Anyone know anything about Tobias Crisp 1600-1643? 

Today I discovered that someone in our church is a descendent of Crisp. This guy told me that John Gill said that Crisp was one of the greatest preachers that ever lived. I read, however, that Crisp was an antonomianist. I didn't think Gill was. Can anyone clarify this?


----------



## rbcbob (May 6, 2010)

> The leaders of the Antinomian party were named in a petition sent to the 10 August, 1643, when the books complained of were Crisp’s ‘Christ Alone Exalted’ …



Ernest F. Kevan, The Grace of Law, p.25


----------



## DMcFadden (May 6, 2010)

The event that help start the "down grade" controversy for Spurgeon, involved an article published in the Sword and Trowel in 1887 by Robert Shindler, a Baptist pastor and close associate of Spurgeon's. Spurgeon gave full support to Shindler's article and the fight was engaged. A section of it deals with the Tobias Crisp controversy:



> Antinomianism was the term applied to the teaching of Dr. Tobias Crisp. Crisp had been an Arminian, but became an ardent Calvinist, going, perhaps, a little beyond Calvin in some things. He died in 1642, and his sermons were published by his son forty-five years after his death. They were printed from short-hand notes compared with Dr. Crisp's own notes, and therefore were lacking in that correctness and finish which the author's own hand would have given them. This will account for the crudeness of some of his expressions. He was a man of strong faith, ardent zeal, holy life, and great devotion and faithfulness in his ministerial work. He was called an Antinomian, but the term was misapplied. Many of his statements, however, while they will readily admit of an orthodox sense, lie open to the charge of going beyond the truth.
> The publication of his sermons awoke a fierce controversy, which lasted some years, and did much mischief. Dr. Williams exposed what he considered the errors and erroneous tendency of some of his utterances; and even John Flavel was among those who denounced his teaching as erroneous and Antinomian. There need not have been such an outcry. The books written against Crisp, many of them good in their way, had the effect of frightening the timid, the doubtful, and the hesitating, who, to avoid Crispianism, as it was called, went as far as they could to the opposite extreme. They verged upon Arminianism, and some actually became Arminians.
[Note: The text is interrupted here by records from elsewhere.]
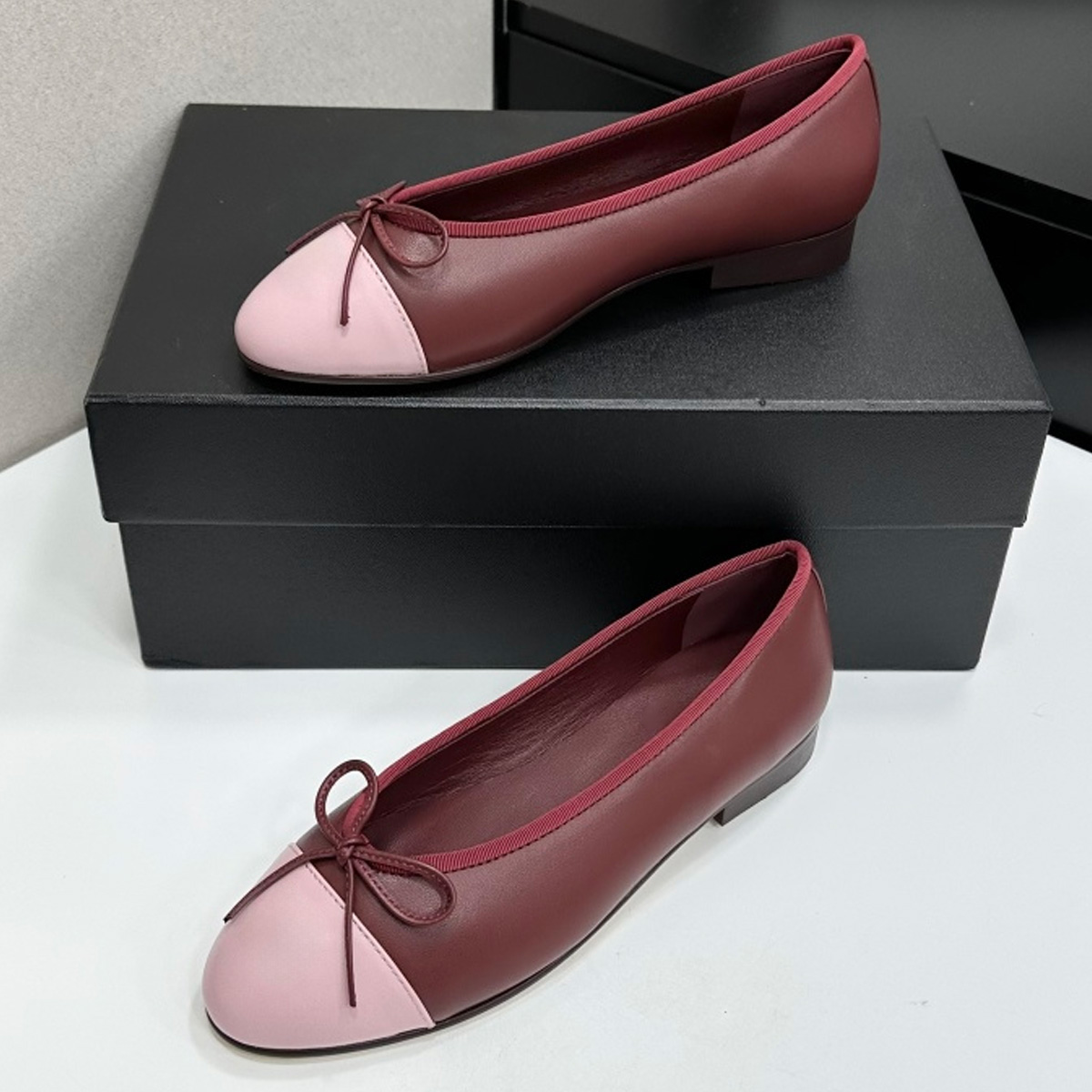 2026 Women's Two-Tone Cap-Toe  - огляд і ціна Women Shoes Heels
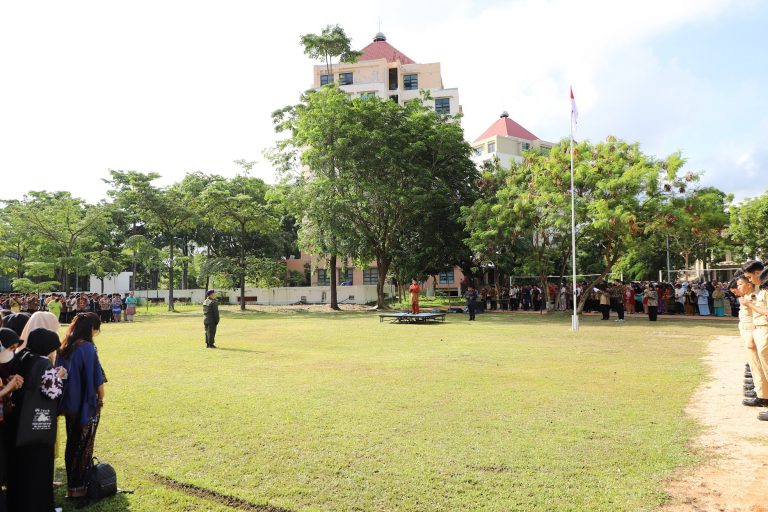 Polibatam Menggelar Upacara Hardiknas Sekaligus Gelar Halal Bihalal Idul Fitri 1444 H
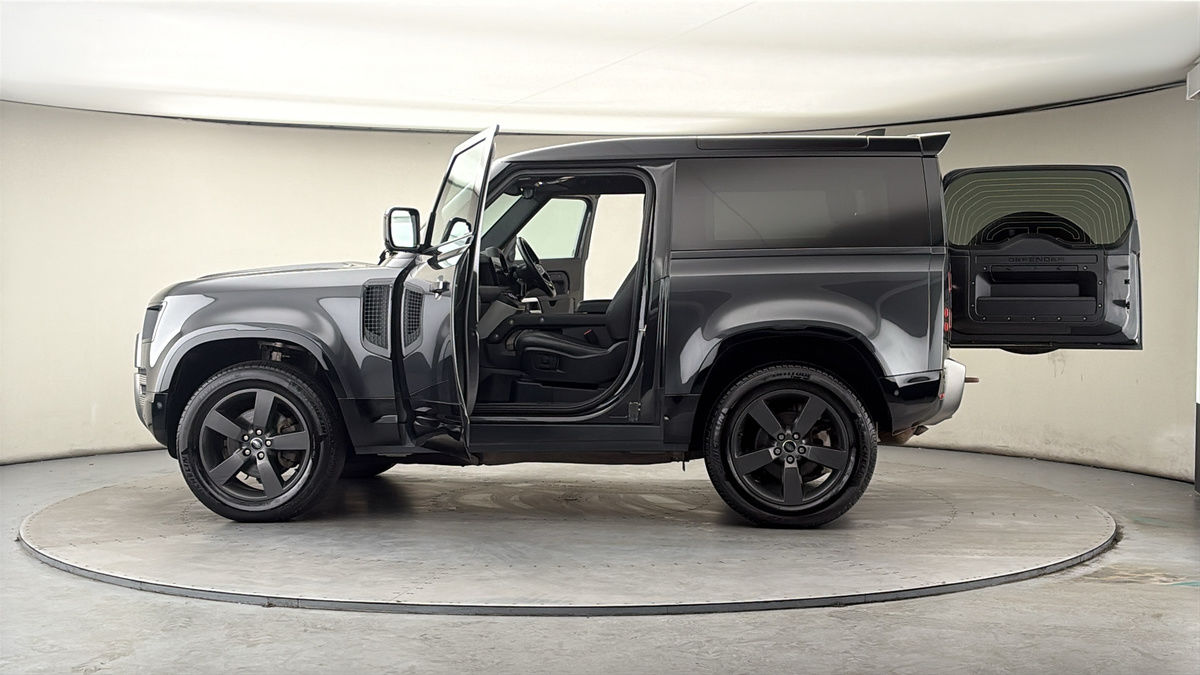 More views of Land Rover Defender 90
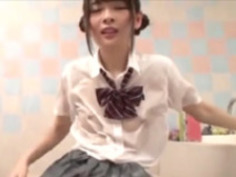 足コキをして興奮する美人娘【跡美しゅり】バックでスケベに喘ぐ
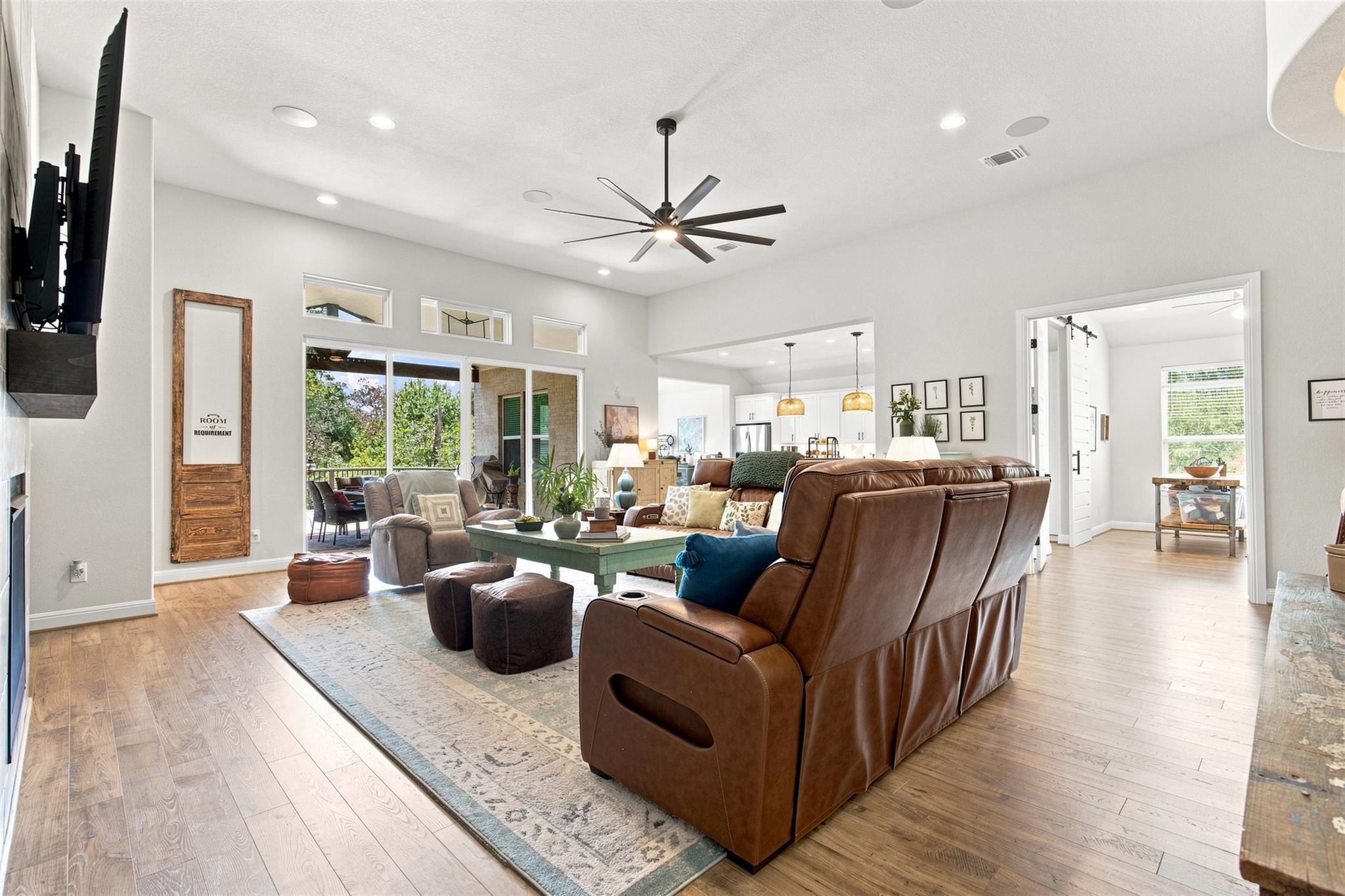 501 Great Lawn CV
The Arminianism of that day was a cold, dry, heartless thing, and many who took that name proved that they were already on "the down grade" towards Socinianism.


----------



## py3ak (May 6, 2010)

This quote from _Christ Alone Exalted_ shows why his writings caused a controversy:
"I say, that faith, as it layes hold upon the righteousness of Christ, it doth not bring this righteousness of Christ to the soul, but only doth declare the presence of this righteousness in the soul that was there, even before faith was."​
Crisp thinks that you had righteousness before you believed, but that belief would seem to make hash of a number of Scriptural texts.


----------



## Jimmy the Greek (May 6, 2010)

An *old thread* mentioned that Crisp was addressed in Beeke's _Meet the Puritans_:


> Beeke / Pederson devote 5 pages to assessing Crisp and his views, generally cautioning that some good can be found in his works, but also some of his statements, viewed charitably, "could lead to serious doctrinal error."


----------



## JM (May 6, 2010)

Tobias Crisp (1600-1643): Exalter of Christ Alone 

from MEN'S OWN RIGHTEOUSNESS THEIR GRAND IDOL, "I am not ignorant, beloved, how this assertion goeth under the foul blur of Antinomianism, that blameless walking according to the law, being established, is a fruit of ignorance, and a cause of men's not "submitting to the righteousness of God." And no marvel it goes for such now; for, in the apostle's time it was accounted so; nay, it was objected against the apostle himself as direct Antinomianism: and, therefore, he was enforced to vindicate himself thus," Do we make void the law, (saith he) through faith? God forbid!" he takes away the objection they put to him, upon his establishing of God's righteousness, and his overthrowing our righteousness. It was objected, that hereby he went about to make void the law; and, therefore, it is no marvel it holds still as an objection, that the maintaining of this principle is the overthrowing of the law. But, beloved, I must say to you, as the apostle did in the same case, "God forbid! yea, we establish the law," that is to say; in its right place. It takes men off from performing duties to corrupt ends, and from the bad use they are apt to make of them; namely, idolizing their own righteousness. And, therefore, he doth not condemn the use of the law, and our righteousness, simply: that which he speaks against here is the establishing of our righteousness. Our own righteousness is good in its kind, and for its own proper uses; but then it proves a fruit of sin, ignorance, and a dangerous stumbling-block, and an idol, when we go about to establish it."


----------



## JBaldwin (May 6, 2010)

Thanks for all the replies. I am beginning to get an idea of the controversy.


----------



## JM (May 6, 2010)

You can get a better idea of his thought by reading his sermons: http://www.grace-ebooks.com/Home.html

CHRISTIAN LIBERTY NO LICENTIOUS DOCTRINE
MEN'S OWN RIGHTEOUSNESS THEIR GRAND IDOL
THE ACT OF BELIEVING IS NOT OUR RIGHTEOUSNESS
FREE GRACE THE TEACHER OF GOOD WORKS

THE USE OF THE LAW (vol. 4), "Some, it may be, will object, that all this while it seems that Christ hath not freed us frown being under the law, whereas the apostle saith, "Ye are not under the law, but under grace." I answer, 1. That in respect of the rules of righteousness, or the matter of obedience, *we are under the law still; or else we are lawless*, to live every man as seems good in his own eyes, which I know no true christian dares so much as think; for *Christ hath given no new law* diverse from this, to order our conversation aright by; besides, we are under the law, to know what is transgression, and what is the desert of it."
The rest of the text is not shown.